Action item
Look through the entries for the line containing "Cypress Hemp Watermelon". Then output that line and every line after it, exactly, to the end.

Provided material
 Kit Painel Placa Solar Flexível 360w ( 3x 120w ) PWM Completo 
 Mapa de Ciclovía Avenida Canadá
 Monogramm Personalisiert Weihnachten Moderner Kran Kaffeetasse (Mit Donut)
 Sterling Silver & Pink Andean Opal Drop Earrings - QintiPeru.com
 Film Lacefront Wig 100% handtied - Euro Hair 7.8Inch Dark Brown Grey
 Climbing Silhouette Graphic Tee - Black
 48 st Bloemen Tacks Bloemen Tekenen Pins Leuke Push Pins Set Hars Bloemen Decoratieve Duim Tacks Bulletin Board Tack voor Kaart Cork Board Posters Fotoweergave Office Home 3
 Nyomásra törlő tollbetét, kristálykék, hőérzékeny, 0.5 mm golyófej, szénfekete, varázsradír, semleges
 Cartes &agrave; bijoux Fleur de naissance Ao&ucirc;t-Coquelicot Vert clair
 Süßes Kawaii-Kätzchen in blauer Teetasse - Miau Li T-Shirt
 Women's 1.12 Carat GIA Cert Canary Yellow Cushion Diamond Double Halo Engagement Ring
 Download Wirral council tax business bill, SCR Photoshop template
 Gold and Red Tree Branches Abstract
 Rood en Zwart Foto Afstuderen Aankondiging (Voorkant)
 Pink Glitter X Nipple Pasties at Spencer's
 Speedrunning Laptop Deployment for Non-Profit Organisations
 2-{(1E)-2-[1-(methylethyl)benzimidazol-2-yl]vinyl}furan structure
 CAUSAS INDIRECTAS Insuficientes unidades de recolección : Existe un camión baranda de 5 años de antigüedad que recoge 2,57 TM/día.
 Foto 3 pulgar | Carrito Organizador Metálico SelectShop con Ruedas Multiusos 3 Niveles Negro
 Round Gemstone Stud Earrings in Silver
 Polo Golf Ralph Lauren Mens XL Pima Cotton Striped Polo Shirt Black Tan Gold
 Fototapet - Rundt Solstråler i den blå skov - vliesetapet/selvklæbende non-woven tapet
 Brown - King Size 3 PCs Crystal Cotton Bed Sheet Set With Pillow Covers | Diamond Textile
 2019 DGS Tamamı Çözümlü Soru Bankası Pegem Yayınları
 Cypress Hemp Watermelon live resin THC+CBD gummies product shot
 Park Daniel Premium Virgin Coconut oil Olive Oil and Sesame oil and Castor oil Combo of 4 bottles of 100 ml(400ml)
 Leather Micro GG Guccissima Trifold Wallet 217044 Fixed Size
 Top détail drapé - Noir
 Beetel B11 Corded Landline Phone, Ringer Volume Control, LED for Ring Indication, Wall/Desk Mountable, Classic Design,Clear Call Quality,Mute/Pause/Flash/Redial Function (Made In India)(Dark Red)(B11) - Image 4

Written response
 Cypress Hemp Watermelon live resin THC+CBD gummies product shot
 Park Daniel Premium Virgin Coconut oil Olive Oil and Sesame oil and Castor oil Combo of 4 bottles of 100 ml(400ml)
 Leather Micro GG Guccissima Trifold Wallet 217044 Fixed Size
 Top détail drapé - Noir
 Beetel B11 Corded Landline Phone, Ringer Volume Control, LED for Ring Indication, Wall/Desk Mountable, Classic Design,Clear Call Quality,Mute/Pause/Flash/Redial Function (Made In India)(Dark Red)(B11) - Image 4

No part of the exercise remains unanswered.